Title IX is perhaps best known for increasing and protecting women’s participation in collegiate sports. In 2001, more than 150,000 women participated compared to 16,000 in 1966.
Surprisingly enough, the original statute made no explicit mention of athletics. In fact, Title IX was introduced for an entirely different reason: its sponsor was not accepted into medical school.
After receiving a bachelor’s degrees in zoology and chemistry, Patsy Mink, a Hawaii congressman, was rejected from every single medical school to which she applied. This was ostensibly based on her gender—at the time, women earned fewer than 5 percent of all medical degrees.
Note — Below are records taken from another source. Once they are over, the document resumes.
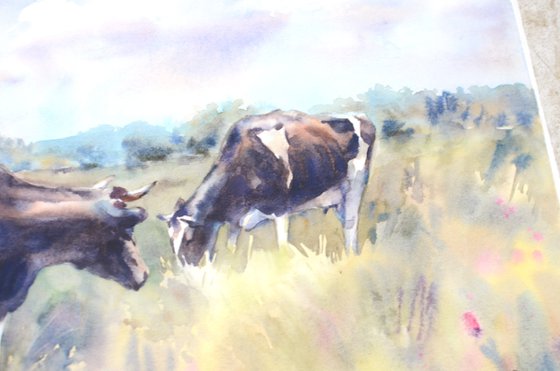 Two black and white cows in a meadow, Grazing animals, Peaceful landscape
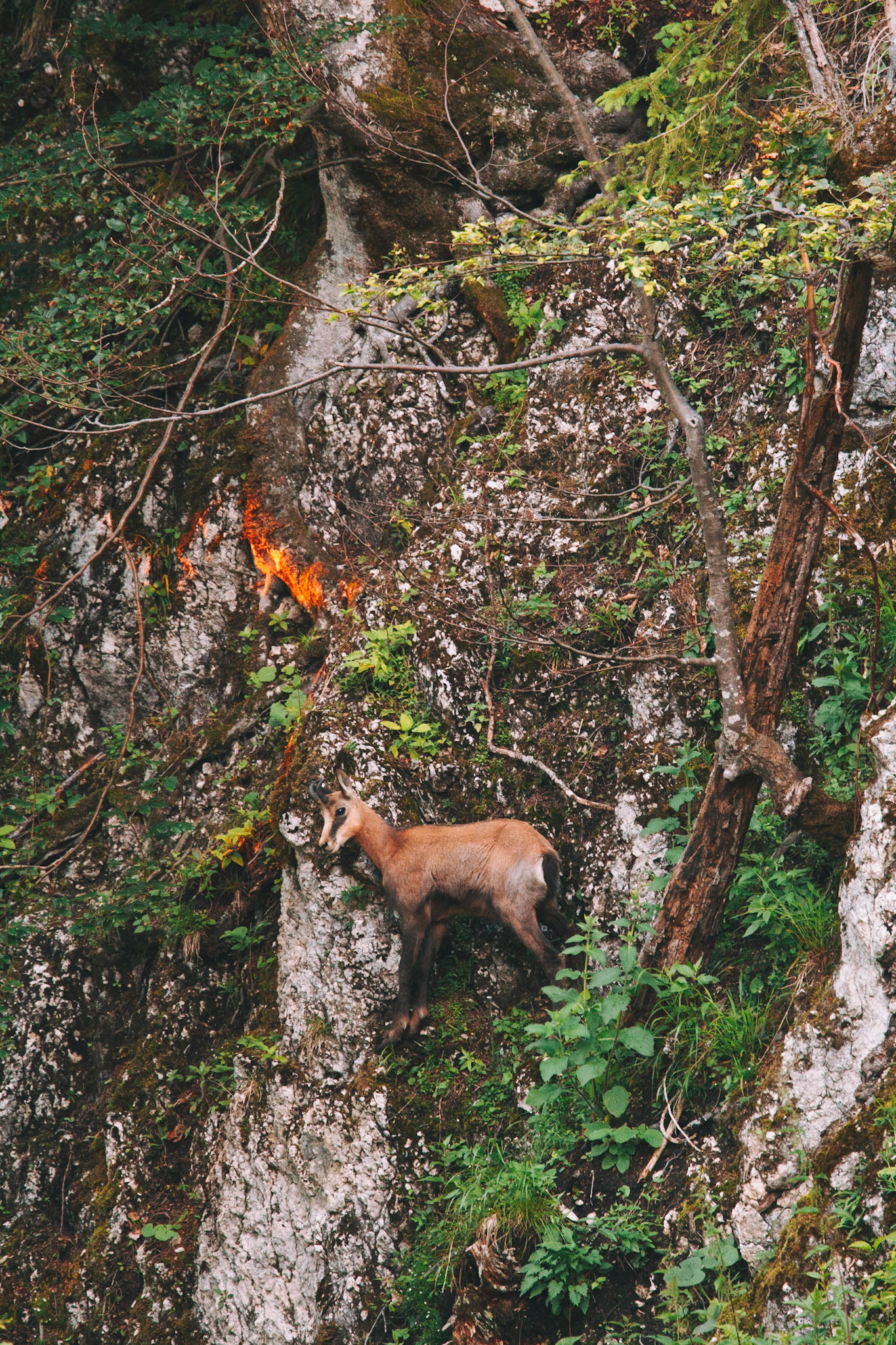 Gasmjährling im letzten Sonnenlicht.
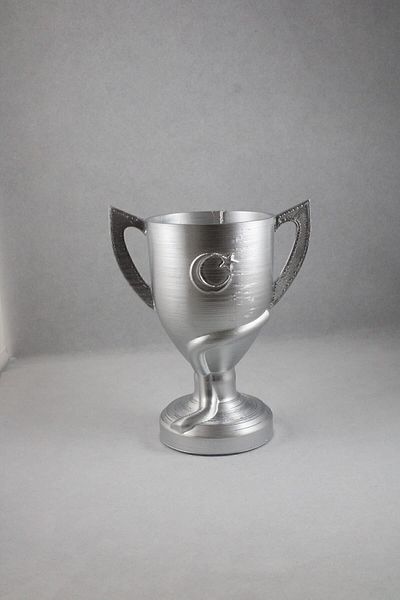 BZ TEKNOLOJİ 3D Διακόσμηση δώρου Ziraat Türkiye Cup 20 cm Μεταλλικό Ασημί Χρώμα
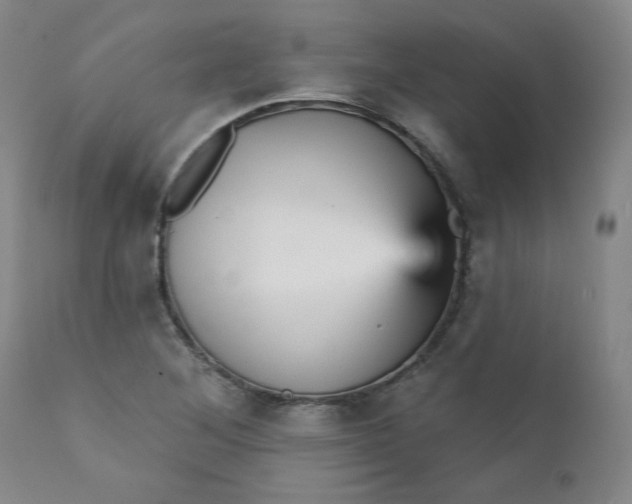 X0000112431268200909041427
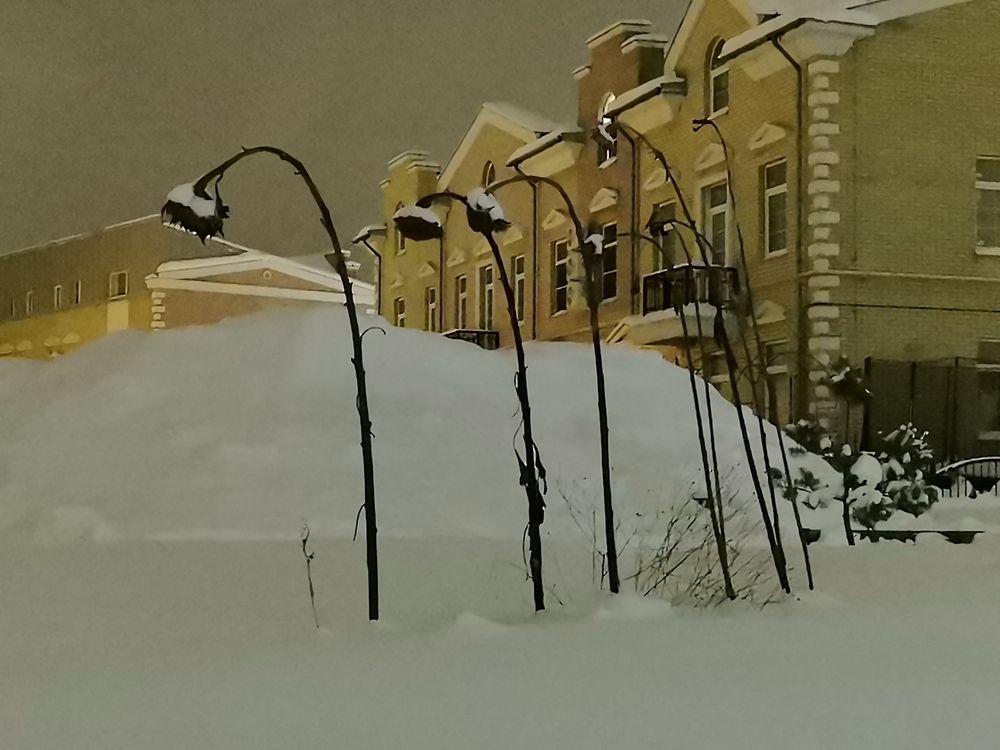 Photo #13117136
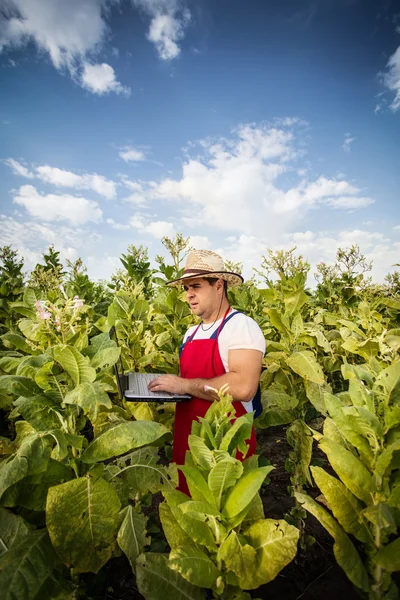 Farmer tobacco — Stock Photo, Image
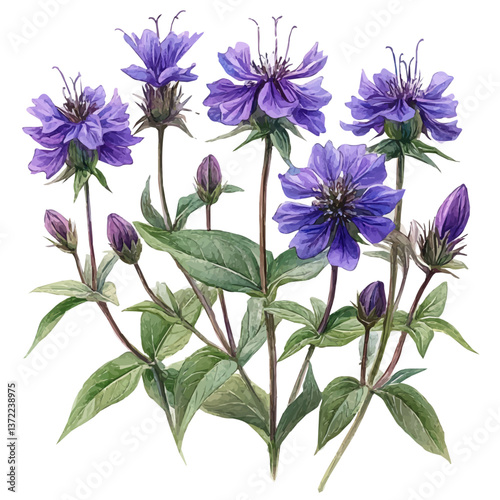 A watercolor vector of a Bee Balm branch, isolated on a white background. Bee Balm branch vector

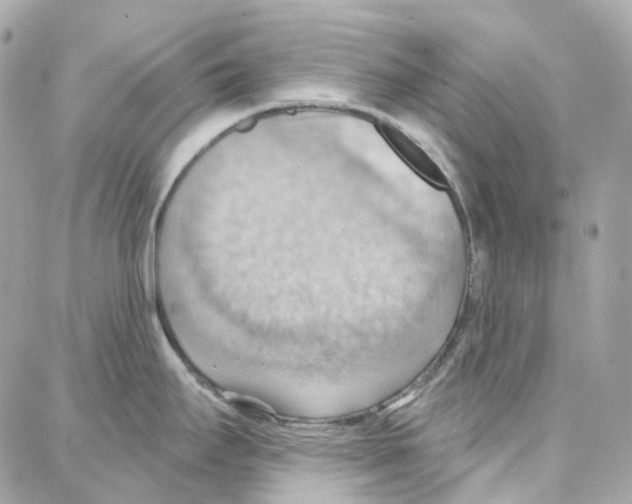 X0000087741295200706041027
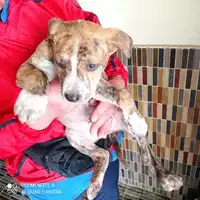 Foto dell\'animale COMUNE DI TERZIGNO - 380260044783875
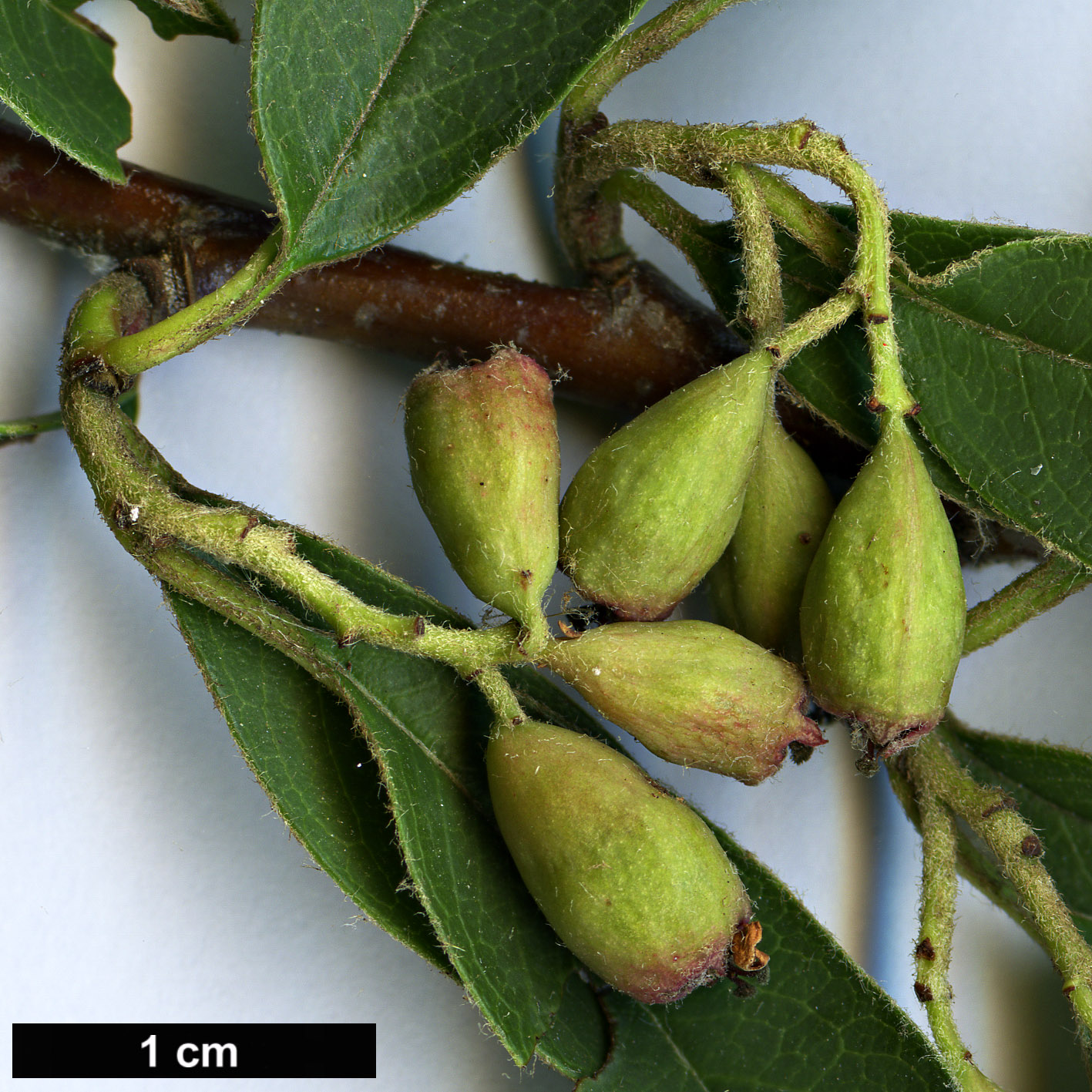 High resolution image: Family: Rosaceae - Genus: Cotoneaster - Taxon: wattii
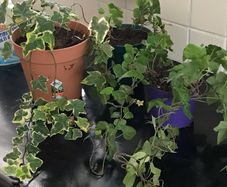 3 English Ivy Plants
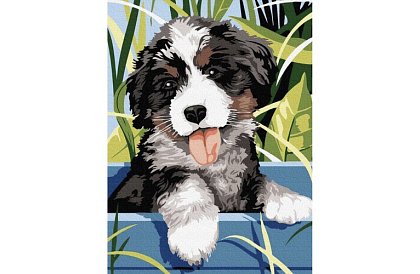 Számozott festés - kutya - 40x30 cm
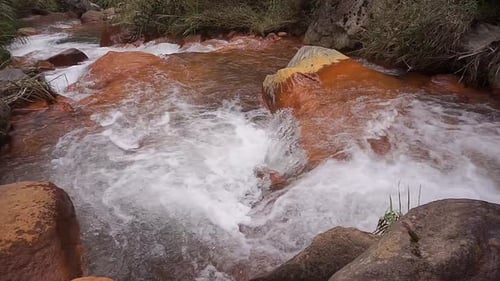 clear river water flowing in the mountains and green trees with a stretch of orange rocks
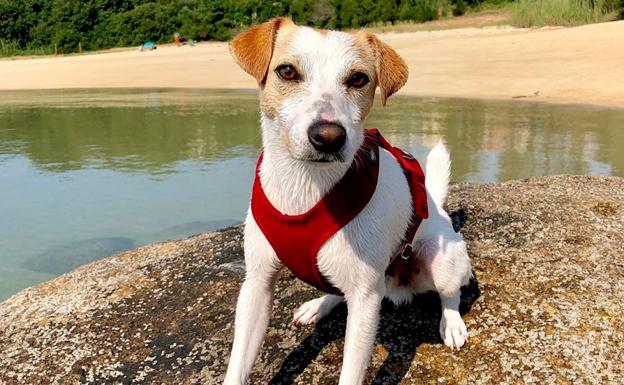 'Pipper', el perro turista, de paseo por Asturias
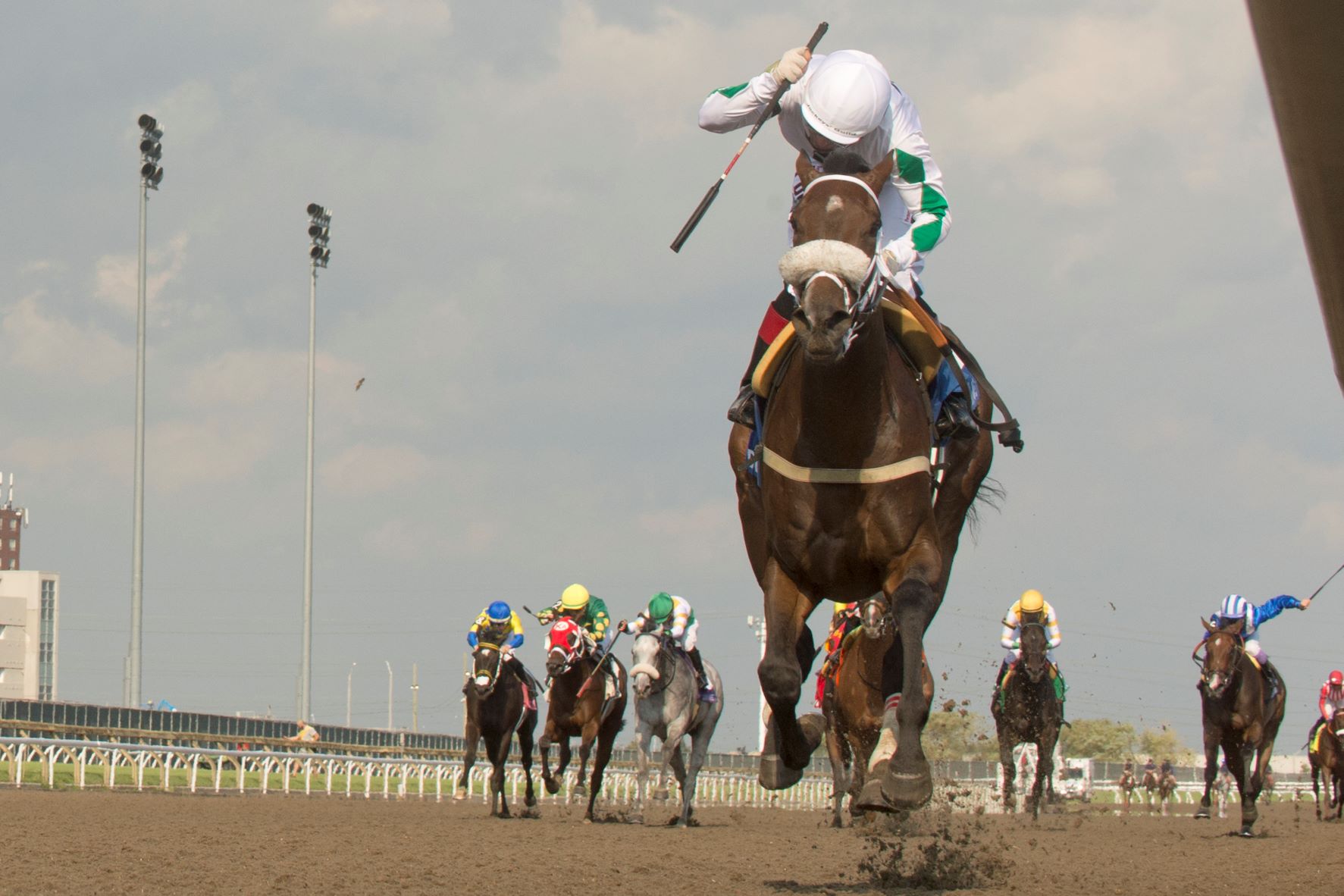 2022 Steady Growth Stakes Preview & FREE Picks Woodbine Ends Meet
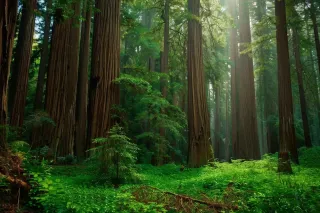 Protecting Our Woodlands: Top Forest Erosion Control Solutions and Strategies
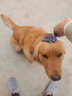 嬉皮狗（hipidog）寵物梳子狗狗開(kāi)結除毛專(zhuān)用刷狗長(cháng)毛貓咪去浮毛泰迪金毛梳毛刷神器 藍黃大號22齒 無(wú)規格 曬單實(shí)拍圖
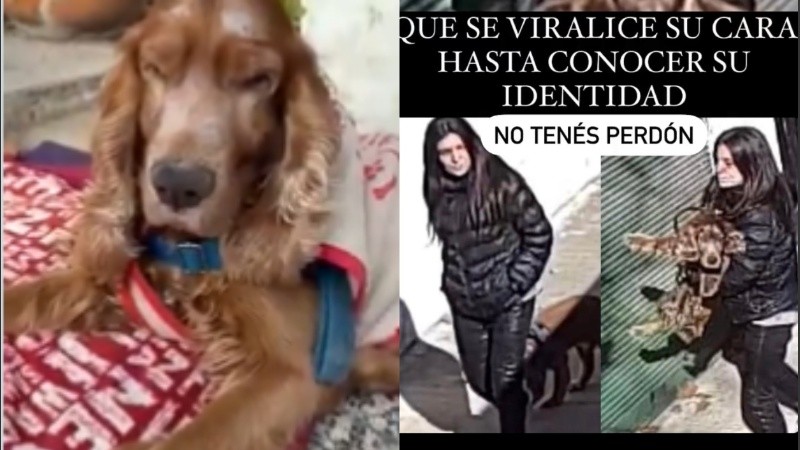 Buenos Aires: abandonan a un perro ciego de 14 años y ahora le buscan un nuevo dueño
Instead of taking a gap year and reapplying, as so many are oft to do nowadays, she decided to pursue law and graduated from the University of Chicago Law School three years later. After championing various political causes, Mink was elected to the House of Representatives, where she served for 12 years. Title IX, which prohibits gender discrimination in all federally funded educational institutions, was posthumously named the Patsy Mink Equal Opportunity in Education Act in her honor.
But how exactly has Science, Technology, Engineering, and Math (STEM) education fared since Title IX passed in 1972? Although progress has been made, the United States still has a long way to go before reaching gender equity among students. Up until high school, girls and boys are evenly represented in STEM related subjects, such as biology and chemistry. In fact, girls outnumber boys in enrollment for AP science classes.
However, college and higher education show a different story. In 2009 and 2010, women made up less than 25 percent of participants in STEM programs nationally—21 percent at the secondary level and 24 percent at the postsecondary level. In comparison, fields like marketing and education have double or triple those rates. While STEM workers earn considerably more than their non-STEM counterparts, a gender gap still persists; women earn 84 cents for every dollar that a man earns in a STEM-related field. As employment in STEM fields like engineering or bioinformatics is projected to rise dramatically in the upcoming decades, disincentivizing millions of potential female workers will hinder our future economic productivity.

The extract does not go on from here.